The father continues, telling me how ISIS arrived and ultimately took control. The most radical of Al-Nusra joined ISIS. But, he says, ISIS is not solely comprised of extreme ideologues. Many joined out of fear for their lives or because ISIS pays higher wages than any other military organization in the country.

I ask the father and his sons why they left, aware of how self-evident the answer must be.

The father says that beyond fear of being killed, he was also afraid that his children would be conscripted. He says: “I don’t want my family to be hurt. Now people are being forced to join, and if you refuse they will kill you. Either you fight or you will be killed as a traitor.”

I ask him if Turkey and its people have been  welcoming.

“Turkey is good, but it is hard to live [here],” he says, “You cannot go to the hospital or schools in Antalya, especially for the Syrian people.

It’s hard to get job. People [Syrians] want to go to Europe, because here we have no rights. We just have a piece of paper that says we are guests, but, we are not allowed to work. So we just come here to escape the violence.”

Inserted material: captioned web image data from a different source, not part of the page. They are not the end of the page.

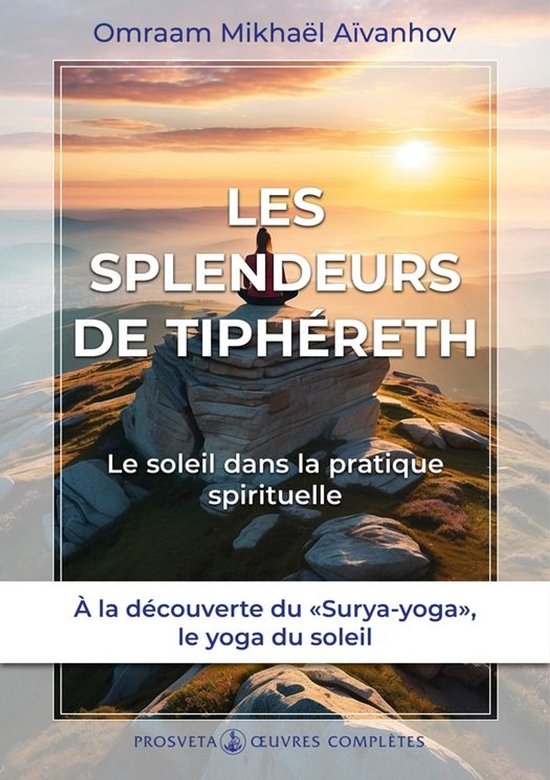 Œuvres complètes - Les splendeurs de Tiphéreth - cover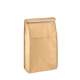 Picture of WOVEN PAPER 3L LUNCH BAG in Brown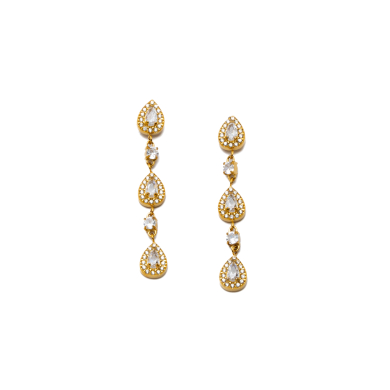 ARETES ZO15699E DORADO ACERO INOXIDABLE G22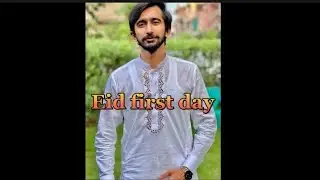 Eid First day| Eid Mubarakh | Mr Leo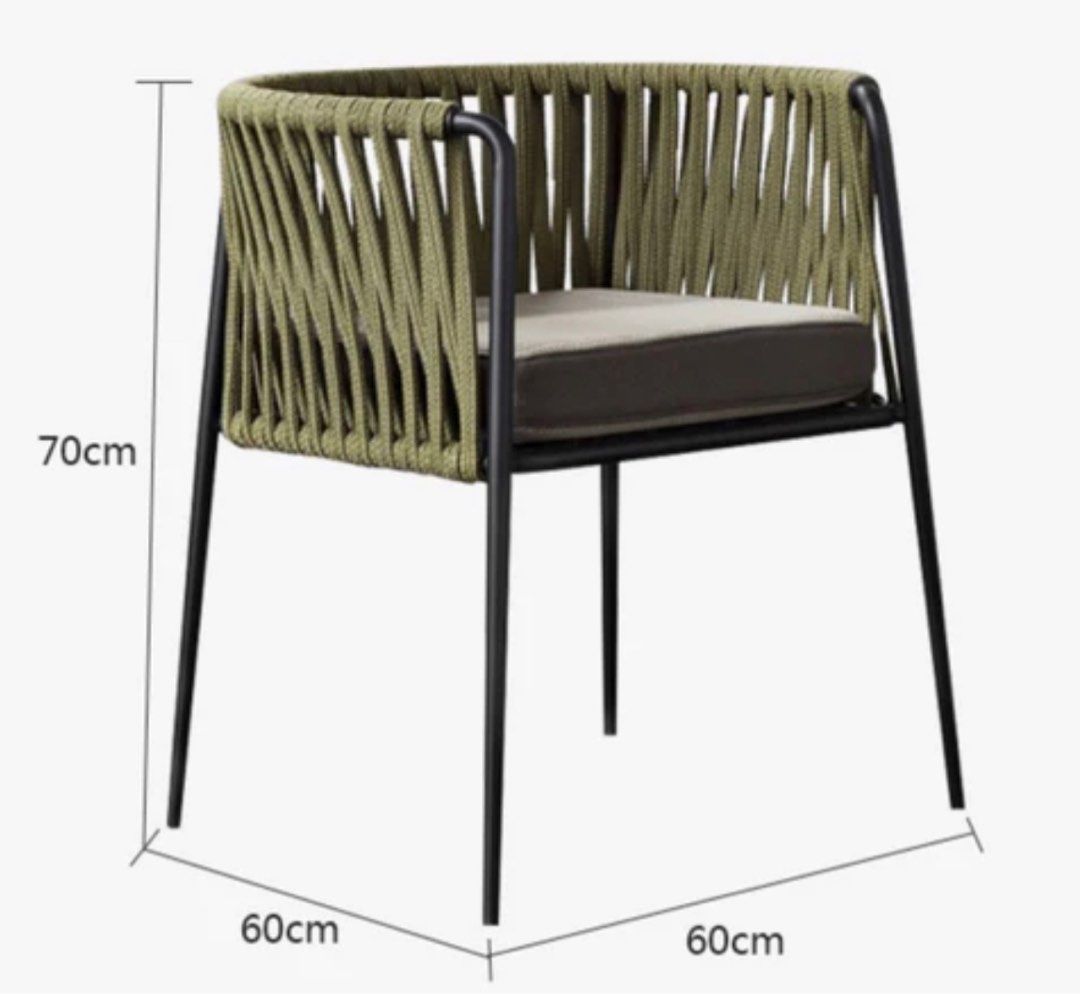 Wicker Chair Outdoor chair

I ask if he intends to leave. The father takes a few moments to deliberate before replying: “First, I don’t have the money, and I don’t want to put my children in danger. I would only do it if I can do it legally, through the UN or another organization. My children want to study, and this is why we want to leave.”

The father smiles and tells me that, “these are the bad points of the Syrian people.” I smile back and tell him I’m finished. Khalil goes to the washroom, and the father shows him the way. As I sit with the two sons I try to make eye contact with them, but they seem reluctant.

Khalil and the father return, breaking a moment of pensive reflection.  I thank the family for the tea and their story. We shake hands; Khalil and I leave.

It’s lunch time now, and Khalil and I eat at a Syrian restaurant not far from the family’s house. As we wait for our food, Khalil pulls out his guitar and plays “Tequila Sunrise” by The Eagles. I find the tune warming, but the faces of children and adults surrounding us express embarrassment and ridicule. Perhaps it’s because he’s singing in English. I don’t know.   

We eat, then part ways. Having spent this much time together, it’s hard to imagine how different our lives will be.

The following morning, I find a Facebook message in my inbox. Khalil was fired from the restaurant where he was working, for having spoken with me. Ironically, I receive this information as I am boarding a plane for Canada to return to university — a privilege Khalil, and many others in his circumstance, may never have.